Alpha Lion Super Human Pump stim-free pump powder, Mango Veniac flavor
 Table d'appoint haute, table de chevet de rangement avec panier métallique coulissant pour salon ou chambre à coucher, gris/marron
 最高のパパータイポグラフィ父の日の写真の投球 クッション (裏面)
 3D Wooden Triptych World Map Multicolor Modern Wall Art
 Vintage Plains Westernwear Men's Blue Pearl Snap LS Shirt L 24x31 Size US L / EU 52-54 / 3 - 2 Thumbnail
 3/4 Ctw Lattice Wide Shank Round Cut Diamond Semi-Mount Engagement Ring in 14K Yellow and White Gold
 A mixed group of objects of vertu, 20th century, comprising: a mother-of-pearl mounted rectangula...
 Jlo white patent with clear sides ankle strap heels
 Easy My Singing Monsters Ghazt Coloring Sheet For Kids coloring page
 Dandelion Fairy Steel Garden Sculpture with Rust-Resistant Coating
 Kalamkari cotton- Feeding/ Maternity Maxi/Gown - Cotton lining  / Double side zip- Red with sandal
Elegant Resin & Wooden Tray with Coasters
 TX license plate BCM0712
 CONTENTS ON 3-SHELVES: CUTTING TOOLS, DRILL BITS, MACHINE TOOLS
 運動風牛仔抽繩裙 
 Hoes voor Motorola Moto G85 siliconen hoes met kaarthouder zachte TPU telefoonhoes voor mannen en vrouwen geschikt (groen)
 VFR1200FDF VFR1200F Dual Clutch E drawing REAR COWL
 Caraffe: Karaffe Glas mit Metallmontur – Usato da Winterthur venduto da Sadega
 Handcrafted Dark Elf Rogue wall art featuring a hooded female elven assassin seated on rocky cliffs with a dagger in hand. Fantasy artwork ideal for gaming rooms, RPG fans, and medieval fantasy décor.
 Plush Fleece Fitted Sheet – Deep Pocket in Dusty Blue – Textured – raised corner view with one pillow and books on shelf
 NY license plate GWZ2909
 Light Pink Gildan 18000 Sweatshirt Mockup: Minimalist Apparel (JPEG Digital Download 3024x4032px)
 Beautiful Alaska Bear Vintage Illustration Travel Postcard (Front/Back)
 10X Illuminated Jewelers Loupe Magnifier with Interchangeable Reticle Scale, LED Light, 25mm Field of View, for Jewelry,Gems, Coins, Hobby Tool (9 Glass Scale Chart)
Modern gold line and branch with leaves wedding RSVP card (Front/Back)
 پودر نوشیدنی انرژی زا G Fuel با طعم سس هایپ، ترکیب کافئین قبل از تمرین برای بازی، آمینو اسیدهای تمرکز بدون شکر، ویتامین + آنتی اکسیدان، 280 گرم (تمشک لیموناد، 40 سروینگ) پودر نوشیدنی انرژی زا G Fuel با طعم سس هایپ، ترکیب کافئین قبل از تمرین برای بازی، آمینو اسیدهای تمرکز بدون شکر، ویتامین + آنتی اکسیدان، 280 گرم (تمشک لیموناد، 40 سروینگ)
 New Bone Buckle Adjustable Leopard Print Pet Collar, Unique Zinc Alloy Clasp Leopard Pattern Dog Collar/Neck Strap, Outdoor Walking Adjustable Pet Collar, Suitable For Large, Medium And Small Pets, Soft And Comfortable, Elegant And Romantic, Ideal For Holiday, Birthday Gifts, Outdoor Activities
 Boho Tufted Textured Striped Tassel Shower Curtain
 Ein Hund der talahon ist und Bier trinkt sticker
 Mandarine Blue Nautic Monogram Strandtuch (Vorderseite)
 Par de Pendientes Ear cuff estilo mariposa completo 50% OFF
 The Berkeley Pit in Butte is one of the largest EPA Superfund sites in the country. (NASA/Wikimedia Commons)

━━━

- Task item:
Line count for the string "Vintage": work it out from the records above and reply with the number alone.

- Answer for this exercise:
2